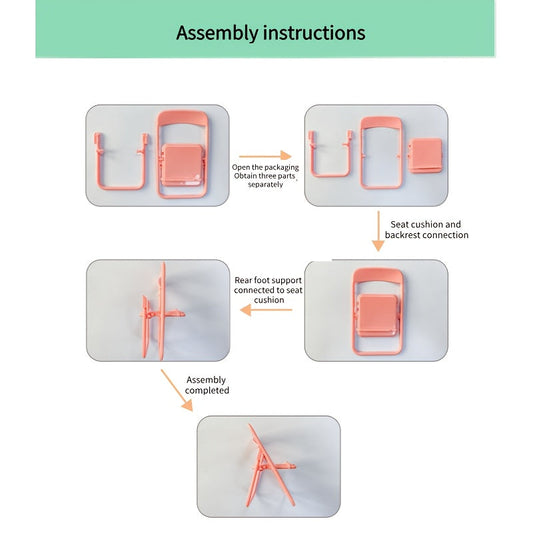 Portable Folding Stool Holder, Mini Folding Chair Phone Holder, Desktop Chair Phone Stand, Creative Smartphone Support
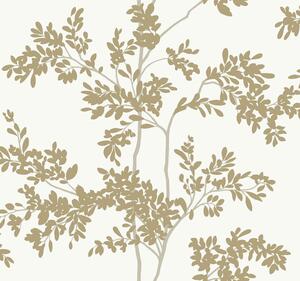 Bílo-zlatá vliesová tapeta s větvičkami, BL1806, Blooms Second Edition Resource Library, York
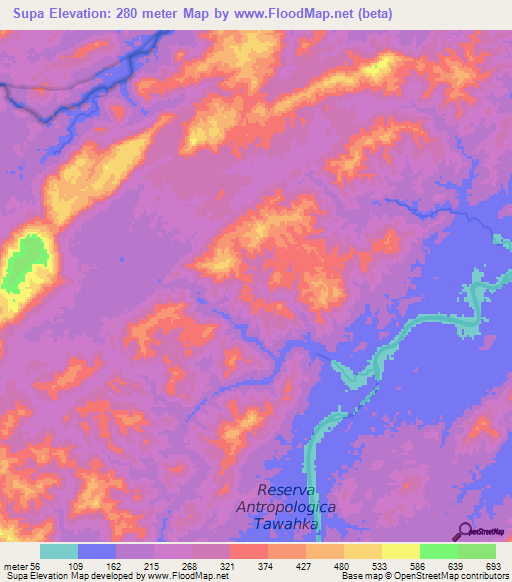 Supa,Honduras Elevation Map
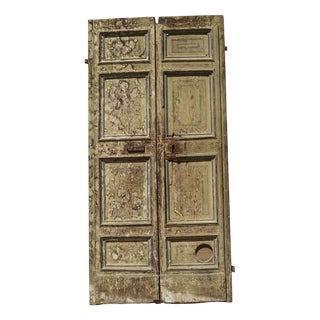 17th Century Italian Double-Leaf Door in Wood, Framed with 4 Lacquered Panels with Fillets, 1950s For Sale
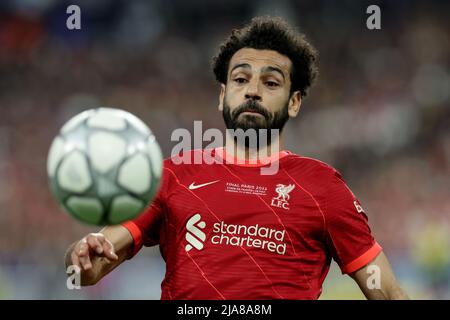 Parigi, Francia. 28th maggio 2022. Mohamed Salah di Liverpool durante la partita di calcio finale della Champions League 2021/2022 tra Liverpool e Real Madrid allo Stade de France a Saint Denis - Parigi (Francia), 28th maggio 2022. Foto Cesare Purini/Insidefoto Credit: Ininsidefoto srl/Alamy Live News Credit: Indefoto srl/Alamy Live News Foto Stock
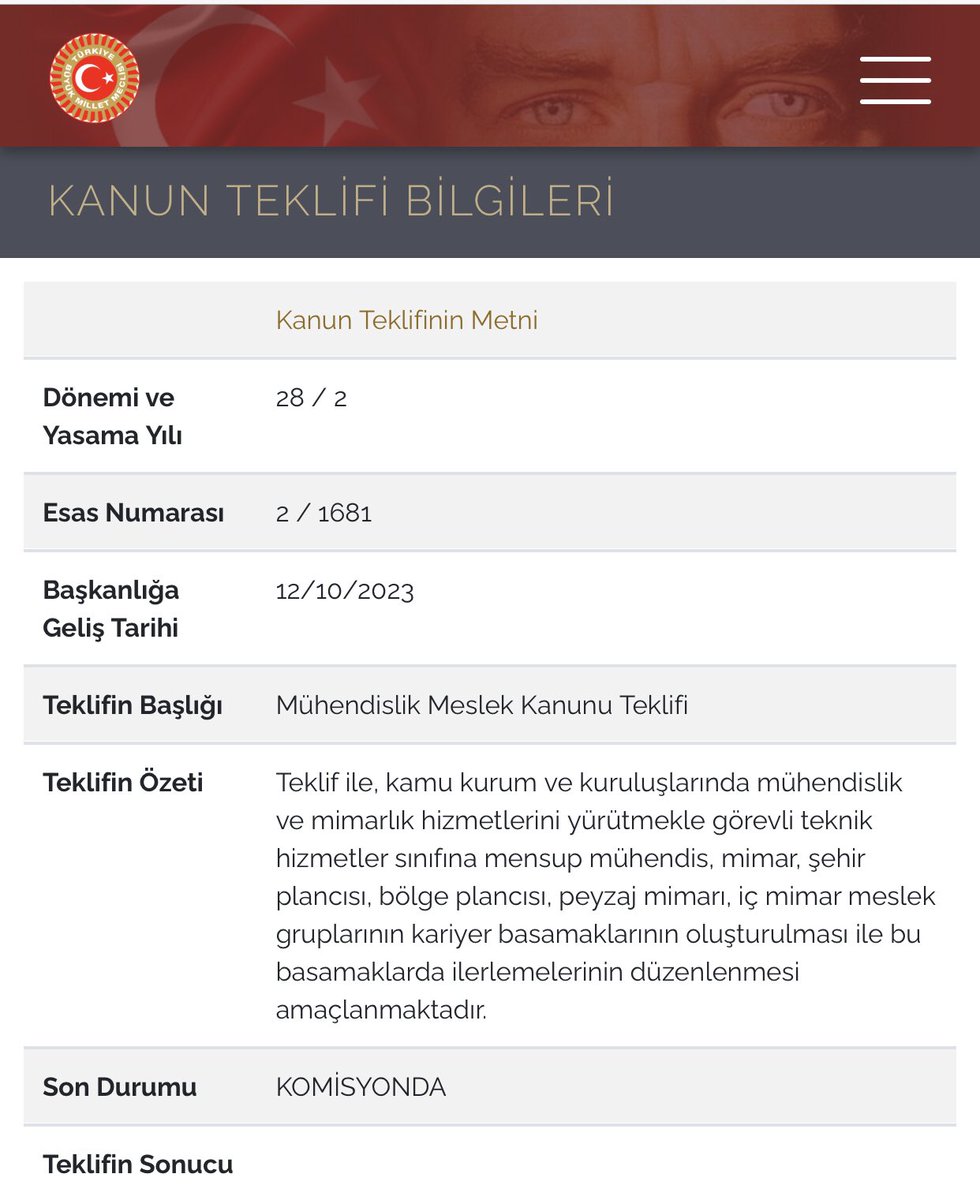 Şu ana kadar ki en mantık içi ve yararlı Mühendislik Meslek Kanunu teklifi hala <a href="/TBMMresmi/">TBMM</a> <a href="/TBMMGenelKurulu/">TBMM Genel Kurulu</a> <a href="/NumanKurtulmus/">Numan Kurtulmuş</a> komisyonda 1 yıldır bekliyor neden ? 

Böyle bir Mühendislik Meslek Kanununa ihtiyaç var…
<a href="/tcbestepe/">T.C. Cumhurbaşkanlığı</a> <a href="/RTErdogan/">Recep Tayyip Erdoğan</a> <a href="/hasandogan/">Hasan Doğan</a> 
<a href="/Akparti/">AK Parti</a> <a href="/akbasogluemin/">Av. M.Emin AKBAŞOĞLU 🇹🇷</a>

◆ Problem to work on: Everything from the line containing "Tayyip Erdoğan</a> <a" to the last line of the data above must be set down exactly, both ends included, with no other lines.

◆ Response below:
<a href="/tcbestepe/">T.C. Cumhurbaşkanlığı</a> <a href="/RTErdogan/">Recep Tayyip Erdoğan</a> <a href="/hasandogan/">Hasan Doğan</a> 
<a href="/Akparti/">AK Parti</a> <a href="/akbasogluemin/">Av. M.Emin AKBAŞOĞLU 🇹🇷</a>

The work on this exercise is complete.